1. soy sauce | Soy sauce is a staple of Chinese cooking. Made from a fermented mixture of soy beans, flour and water, the richness and saltiness of soy sauce varies considerably from one brand to the next – an important factor to keep in mind when you’re following recipes. In general, I prefer Japanese soy sauces, which seem to have a smoother flavor to me than Chinese brands … the organic San-J brand tamari is a favorite.
2. sesame oil (toasted) | This dark brown-colored oil has a delicious aroma, and is generally sprinkled over dishes and into sauces as a seasoning rather than for cooking.
3. canola or vegetable oil | Traditionally, peanut oil was the preferred oil for cooking in China, but vegetable and canola oils are much healthier, and, like peanut oil, have a nice, neutral flavor that makes them ideal for stir-frying.

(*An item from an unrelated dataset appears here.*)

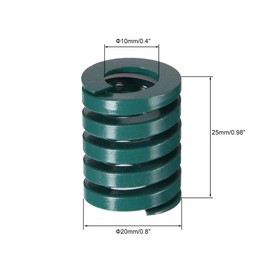 sourcing map 20mm OD 25mm Long Spiral Stamping Heavy Load Compression Die Spring Green 1Pcs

4. black vinegar | A dark, slightly sweet, relatively mild vinegar that’s made from rice, wheat, millet or sorghum, black vinegar is used in braised dishes and dipping sauces.
5. rice vinegar | A clear, mild vinegar with a nice clean flavor, commonly used in sauces. If you substitute cider vinegar (or ordinary vinegar), use a little less than the recipe calls for. Japanese Marukan brand is a good choice.